With his unique blend of R&B, soul and gospel, Stevie Wonder has been an icon of pop music and of civil rights for ages. His timeless hits have inspired generations of musicians and still do, as the superstar turns 70.
Wearing a light-colored jacket, dark trousers and sunglasses, the 12-year-old boy is led onto the stage of the legendary Apollo Theater in Harlem. He is taken to sit on a chair, the microphone is adjusted to his height, and bongo drums are placed into his searching hands. The year is 1963, yet hardly anyone in the theater knows who “Little Stevie Wonder” is when his record label Motown Records introduces him.
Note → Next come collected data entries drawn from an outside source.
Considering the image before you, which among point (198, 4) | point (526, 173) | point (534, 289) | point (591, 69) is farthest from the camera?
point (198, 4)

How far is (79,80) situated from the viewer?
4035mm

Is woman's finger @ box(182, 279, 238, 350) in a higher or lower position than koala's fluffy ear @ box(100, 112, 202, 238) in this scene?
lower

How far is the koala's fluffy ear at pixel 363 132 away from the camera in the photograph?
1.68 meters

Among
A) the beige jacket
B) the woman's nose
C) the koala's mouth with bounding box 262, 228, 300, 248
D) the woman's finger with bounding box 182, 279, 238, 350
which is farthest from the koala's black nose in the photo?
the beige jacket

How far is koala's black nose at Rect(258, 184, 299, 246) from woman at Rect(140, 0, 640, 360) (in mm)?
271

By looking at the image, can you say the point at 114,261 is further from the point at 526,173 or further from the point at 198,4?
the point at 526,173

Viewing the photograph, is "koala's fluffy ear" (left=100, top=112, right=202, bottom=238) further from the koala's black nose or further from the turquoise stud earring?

His fingers fly effortlessly over the bongos, and he appears both touchingly innocent and lost in his own world. Little Stevie sings a few “yeahs” into the microphone, asks the audience to clap their hands, stomp their feet, jump up and down, or do anything they want to do. The bongos are replaced by a harmonica, and the gangly boy, accompanied by a Big Band, peps up the audience with a lot of gusto. “Fingertips” is the name of this first single, which the 12-year-old presents at the Motortown Revue, right after Marvin Gaye’s performance. The jazz instrumental is released as a single and becomes Stevie Wonder’s — and Motown’s — first number one hit on the US charts.
Blinded as a baby
Many child stars break down under the strain of early fame. But not Stevie Wonder: his biography seems to be the natural consequence of his genius. Both his musical abilities and his career were truly a wonder.
Stevland Hardaway Judkins was born six weeks premature, on May 13, 1950, in Saginaw, Michigan. He was given oxygen while lying as an infant in an incubator, but the level was too high. That, along with the prematurity, caused the retinas of his eyes to detach before he could even get a glimpse of his environment. Baby Stevland, the third in a line of six children, was blinded.
When Stevland was four years old, his mother left his father and moved from the suburbs with her children to the car-manufacturing mecca of Detroit. She struggled to take care of her children and survive. Sometimes there was hardly enough money for lunch.
“My mother always told me that I could do anything as long as I was careful,” Stevland once reflected about his childhood and inquisitive nature. He himself never considered his blindness to be a handicap. He climbed trees and rode a bike. Perhaps more intensively than other children, he soaked up music, spending hours listening to the radio, and later, glued to the loudspeakers of the television. He would bang on pots and pans, and taught himself every instrument he could get his hands on. At the age of nine, he could play bongo drums, harmonica, bass, and piano.
The Motown miracle
It was in this period that he began performing as a solo singer in a church community, and then caught the attention of a member of the band Miracles, who introduced him to Motown Records. Founded in 1959, the independent label was then rising to become a giant of soul and R&B music by African American artists. For Motown founder Berry Gordy, the little blind boy with the harmonica was a miracle. He signed him on as “Little Stevie Wonder” and paid the tuition for him to attend a private school for the blind.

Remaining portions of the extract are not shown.